# Bonnie Palmer



## LexiMom (Feb 7, 2012)

Everyone has good and bad experiences with almost everything we deal with in life. I personally had an amazing experience with Bonnie and I am so thankful to her for the most precious, loving, loyal and amazing Cassidy.

Bonnie's lines a show lines - she is not a breeder to sell and make a profit - just like many of the other show breeders. They breed to hopefully have the next best show dog. If the puppy does not meet the specifications then they sell the puppy.

There are many recently on here that just received an Angel and I hate to see posts from 2 years ago pop up. I guess I am getting defensive for Bonnie as her pups are wonderful and she puts a lot of love into each and everyone.


----------



## mysugarbears (Aug 13, 2007)

Linda i'm very happy about those that have had *good* experiences with Bonnie and there are some like me that have had *bad* experiences, that will be the case with all or most breeders, some will have a great experience while others have had a not so great experience. I just think that whether the experience be good or bad anyone looking for a new family member should be able to read all experiences not just the glowing ones, that way they can make their own decision.

BTW, the last time my thread was available was March 26th of this year, after March 26th it was no longer available and then mystical magical it reappears after i mention that the threads have disappeared and the thread reappears as being unlocked instead of being locked like it had originally been in November of 2010. 

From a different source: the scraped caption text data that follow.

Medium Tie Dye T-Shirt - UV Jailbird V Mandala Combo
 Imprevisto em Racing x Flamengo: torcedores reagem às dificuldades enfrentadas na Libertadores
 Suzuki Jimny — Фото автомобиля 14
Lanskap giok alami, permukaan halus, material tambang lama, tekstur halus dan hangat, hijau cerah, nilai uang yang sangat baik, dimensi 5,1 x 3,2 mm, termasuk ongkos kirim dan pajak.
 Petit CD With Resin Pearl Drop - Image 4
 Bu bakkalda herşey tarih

I'm not here to bash breeders, but when there is a question about a breeder that i have had a *first hand experience *with be it *good* or* bad*,* i will* always bring up my experience, just like i would would also expect others that have had a first hand experience with a breeder to also speak up whether the experience be good or bad and i will also include my thread if it hasn't disappeared again.


----------



## LexiMom (Feb 7, 2012)

Understandable however that was in 2010 - 2 years ago - my experience is recent and that is I why I brought up my point.


----------



## mysugarbears (Aug 13, 2007)

LexiMom said:


> Understandable however that was in 2010 - 2 years ago - my experience is recent and that is I why I brought up my point.


 
That is because some *will not* talk about their experience, maybe because of backlash or it could be because the* threads* are *closed* and sometimes *disappear into oblivion* and then *resurface right out of the blue*, hmmm something just isn't right about that, only those threads with *good experiences stay open* and those about a *negative experience are closed, now why is that?* If you read my thread you will notice that those that post a negative experience about said breeder receive alot of backlash and are basically called liars and ask for their post to be removed because of the backlash from those that have had a good experience. *Fortunately* for me* i don't just sit back* and *stay silent* when a thread is posted about*Here are the rules concerning breeders:

*We are glad to offer information here on SM that can help people purchase from a reputable breeder. 
However, in order to be fair to all concerned, please abide by the following rules. 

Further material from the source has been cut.